PART I: PRE-SCREENING CONTEXT & ADAPTATION


1. Source Material Analysis

The shift from Basharat Peer’s journalistic essay to the cinematic narrative of Homebound is more than a move from non-fiction to fiction; it reflects a deliberate reorientation of the story’s political concerns. In Peer’s original account, Amrit Kumar and Mohammad Saiyub appear as migrant textile laborers whose lives mirror the vulnerability of millions working within India’s informal economy. Their hardships are embedded in a larger framework of economic insecurity and long-standing state indifference.
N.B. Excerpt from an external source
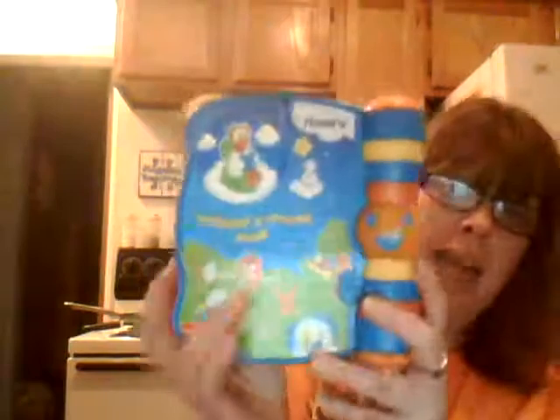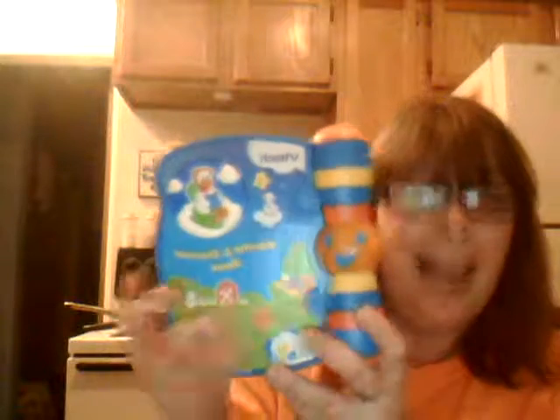For my little grandson I got this VTech book. I saw these when I was online Christmas shopping — they were $14.99. I paid $0.99 for it. I hope it works because usually the batteries will still work, but this one isn't doing anything so I'm going to replace the batteries. But it's a cute little book and for $0.99, heck yeah.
By reimagining these figures as aspiring police officers, the film transfers the focus from the fight for daily survival to the realm of institutional aspiration. This transformation intensifies the narrative’s emotional depth and political stakes. Chandan and Shoaib are no longer portrayed simply as marginalized subjects excluded from state support; rather, they are citizens who place their faith in the very institutions meant to serve them. The police uniform thus emerges as a symbol of dignity, authority, and possibility a promise that social mobility and recognition might transcend entrenched caste and religious divisions. Through this reframing, Homebound extends its critique further, exposing how even aspirations for advancement remain entangled within unequal and exploitative structures.


2. Production Context: Scorsese’s Mentorship 

Martin Scorsese’s mentorship is visible less in stylistic mimicry and more in ethical realism. The film avoids spectacle, sentimentality, and narrative catharsis hallmarks of mainstream Indian cinema. Instead, it adopts a restrained observational gaze, reminiscent of neo-realist traditions.

This realism enables Homebound to travel well internationally because it refuses cultural translation for Western comfort. The film neither explains caste nor simplifies religious marginalization. Ironically, this very authenticity alienates sections of the domestic audience accustomed to narrative closure. Thus, Scorsese’s influence positions Homebound within a global realist cinema tradition, while exposing the fracture between global critical acclaim and local commercial reception.



PART II: NARRATIVE STRUCTURE & THEMATIC EXPLORATION



3. The Politics of the Uniform

In Homebound, the police uniform initially appears as a promise of neutrality and fairness. For Chandan and Shoaib, it holds the allure of an identity stripped of caste and religious labels a clean slate offered by the state. However, the film slowly unsettles this assumption. The stark statistic of 2.5 million applicants competing for just 3,500 positions lays bare the illusion of meritocracy, revealing how access is structured to be overwhelmingly restrictive rather than fair.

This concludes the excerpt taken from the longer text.